Any suggestions? I have the autoenginuty tool so I can get some readouts but its pretty new to me so I don't really know what to pull up and look at and then to know what it should say.

thanks.

Truck
late 99, stage IIb split shot, 4" banks exhaust, banks trans commander.
80+ hp chip from power hungry.

Rustler
Thu, August 6th, 2009, 09:31 AM
I have a suspicion that if you disconnect the trans command your problem may stop. I own and have "looked" at several of Bills diesel tunes all of them had modified trans controls written in. I think they are conflicting with each other.

Very generally speaking in simplified terms.
Both the transcomode and Bills written in trans controls provide more clamping pressure to the clutch packs in certain circumstances to prevent slipping / put more powa to da ground. Moving a from a dead stop, decelerating and the OD shift creates the highest pump pressures. IMO.
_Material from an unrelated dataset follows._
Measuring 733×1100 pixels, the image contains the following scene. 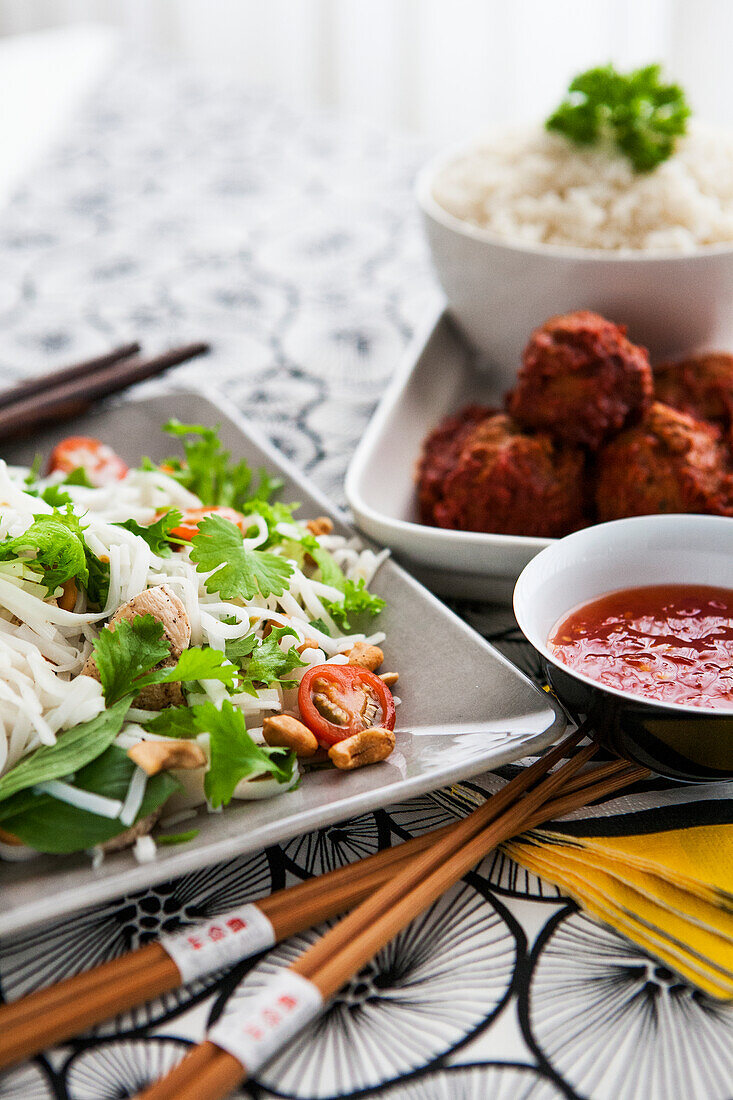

My WAG is the pulsing occurs during the lag time difference between the electric command signal from the PCM to the trans to do something verses the mechanical time it takes to dump the extreme pressure caused by the dual trans controls.
The chattering you notice is the trans acting upon the engine during the time it takes to dump the pressure and release the clutches.

Or it could be the torque converter itself, the 99's were famous for being noisy, increased pressure makes it worse.




Or I could be wrong. :notallthere:

Dang, I just noticed how old this post is.

Power Hungry
Sat, August 8th, 2009, 12:55 PM
The thing about the Trans-command is that it is easily bypassed by installing the bypass plug in the harness. However, even though this is supposed to effectively bypass the Trans-command, we've found that it doesn't always work and complete removal of the unit is the only way to be 100% certain that it's not causing issues. Of course, this was learned from actual experiences with customer's vehicles.

I've never been a fan of the Trans-command as I've always felt it was trying to best guess what the transmission was trying to do. A chip or programmer ultimately has much more control over the transmission functions.